ROSMER (prawie z przerażeniem). Ja?
REBEKA. Jak pan mógł pomyśléć nawet o czémś podobnem!..
KROLL. Że cofasz się przed zgromadzeniem ludowém i nie chcesz narażać się na nieprzyjemności, które cię tam spotkać mogą, jest to rzecz bardzo zrozumiała.
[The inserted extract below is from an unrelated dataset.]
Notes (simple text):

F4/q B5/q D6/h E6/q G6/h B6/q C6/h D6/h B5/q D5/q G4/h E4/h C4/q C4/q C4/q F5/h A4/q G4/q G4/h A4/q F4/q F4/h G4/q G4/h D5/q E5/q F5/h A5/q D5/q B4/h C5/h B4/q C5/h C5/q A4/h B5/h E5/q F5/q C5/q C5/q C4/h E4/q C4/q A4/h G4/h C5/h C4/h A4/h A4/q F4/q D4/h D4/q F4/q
Ale spokojna, redaktorska praca, albo raczéj...
ROSMER. Nie, nie, mój drogi, nie żądaj tego odemnie.
KROLL. Jabym się temu całém sercem poświęcił, to już jednak przenosi moje siły. Mam zajęć bez liku, ty zaś nie jesteś już obarczony żadnym urzędem. My naturalnie dopomagalibyśmy ci wedle możności.
ROSMER. Nie mogę, Krollu, na nic wam się nie przydam.
KROLL. Nie przydasz się? To samo mówiłeś, gdy twój ojciec wystarał się dla ciebie o urząd.
ROSMER. Miałem słuszność. I poszedłem swoją drogą.
KROLL. Gdybyś był tylko tak zdolnym redaktorem, jak byłeś kaznodzieją — będziemy zadowoleni.
ROSMER. Kochany Krollu, mówię ci ostatecznie, że tego nie zrobię.
KROLL. No, to w takim razie, użycz nam przynajmniéj twego nazwiska.
ROSMER. Mego nazwiska?
KROLL. Tak! Samo nazwisko Jana Rosmera będzie korzystne dla pisma. My uchodzimy za ludzi zaciekłych. Słyszałem, że mnie okrzyczano jako nieubłaganego fanatyka. Nie możemy więc rachować na to, by dziennik, wydawany pod naszém nazwiskiem, wyrobił sobie wpływ na obłąkane masy. Ty zawsze usuwałeś się od starć. Twój łagodny, uczciwy sposób myślenia, twój subtelny umysł, twoja nieskazitelna prawość w postępowaniu, słyną daleko, są wszędzie należycie oceniane. Dodaj do tego szacunek, jakim cię przyodział twój dawny duchowny charakter, wreszcie zacność twego rodowego nazwiska...
ROSMER. O! rodowe nazwisko!
KROLL (wskazując portrety). Rosmerowie z Rosmersholmu, duchowni, oficerowie, wysocy urzędnicy, wszyscy ludzie bez zarzutu. Ród, który od paru wieków pierwszym był w okolicy (kładzie rękę na ramieniu Rosmera). Ty Rosmerze, powinieneś dla siebie samego i dla tradycyi rodzinnych stać przy tém i tego bronić, co dotąd w naszém społeczeństwie za dobre uznaném było (zwracając się do Rebeki). Cóż pani na to?
REBEKA (śmiéjąc się lekko). Kochany rektorze, wydaje mi się rzeczą niewypowiedzianie komiczną słuchać tego wszystkiego.
KROLL. Jakto? Komiczną?
REBEKA. Tak, bo właśnie chciałam panu wyznać...
ROSMER. Nie, nie; dość, nie teraz.
Strona:Henryk Ibsen - Wybór dramatów.djvu/397
Ta strona została skorygowana.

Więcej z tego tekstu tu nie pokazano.